Origins in the Ancient World
Hydrotherapy, the concept of using water to treat illness and promote health, originated from Ancient Greece. Hippocrates, a major believer of hydrotherapy, theorized that imbalances of bodily fluids caused sickness. Ancient Greeks considered natural hot springs to be places of mystic power, though they also built private and public baths for their hydrotherapy. However, Ancient Romans were the ones who perfected the design of bath houses and elaborate heated tubs.
Bathing in Roman Life
Roman society embraced bathing not only for hygiene, but also for leisure. The Roman Empire funded the construction of massive baths for public use. Wealthy individuals, such as merchants or local government officials, also paid to build bath houses to increase their popularity. Citizens were charged admission fees according to their means, with richer citizens paying more and the lowest classes having free entrance.
Roman custom expected that every citizen, from the richest to the laborers, would take regular baths. This meant that baths were places where the borders of social hierarchy were blurred. Businessmen and merchants held their meetings and made deals in the baths. This made them the second most important social gathering place in a Roman city.
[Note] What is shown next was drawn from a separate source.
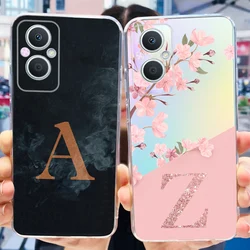 For Oppo Reno7 Z 5G Case Reno 8Z Luxury Letters Cover Clear Silicone Phone Case For Oppo Reno 8 Lite Reno8 Z Reno 7Z Soft Fundas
Only the city’s forum was more important and if the city had no forum, the baths took its place.
The baths were a place to exercise, to relax, to clean, and to socialize. Gossip, news, and trade all flowed as freely as water inside the baths of Ancient Rome.
Parts of the Roman Baths
Public baths varied in size, but the largest and best examples had several areas.
The main entrance and waiting area of a bath was the atrium, which had an attached changing room. A bather would first take a dip in a pool or tub of cold water called the frigidarium. Citizens would often flock to this pool during the summer.
A room called the tepidarium followed. This room either had a pool with tepid water, hence the name, or was a bare room slightly heated by steam. The tepidarium was important, because the massive change in temperature between the frigidarium and the final pool of a bath could cause cardiovascular problems.
This final room was the caldarium, and it featured the Roman equivalent of a hot tub. The water in the caldarium was nearly scalding. They heated the water to this temperature to purge the body of its impurities through bathing and sweating. The caldarium is where the Romans cleansed themselves, and it was the most vital part of a bath.
Other parts included the laconium, which was a sauna, and the gymnasium, a large open area for exercising before bathing.
A lot of our modern conveniences have their roots in historic times. What seems trivial and pedestrian today used to be pinnacles of civilization. Appreciate the long history of the hot tub, and every warm soak will make you feel like a Roman Emperor.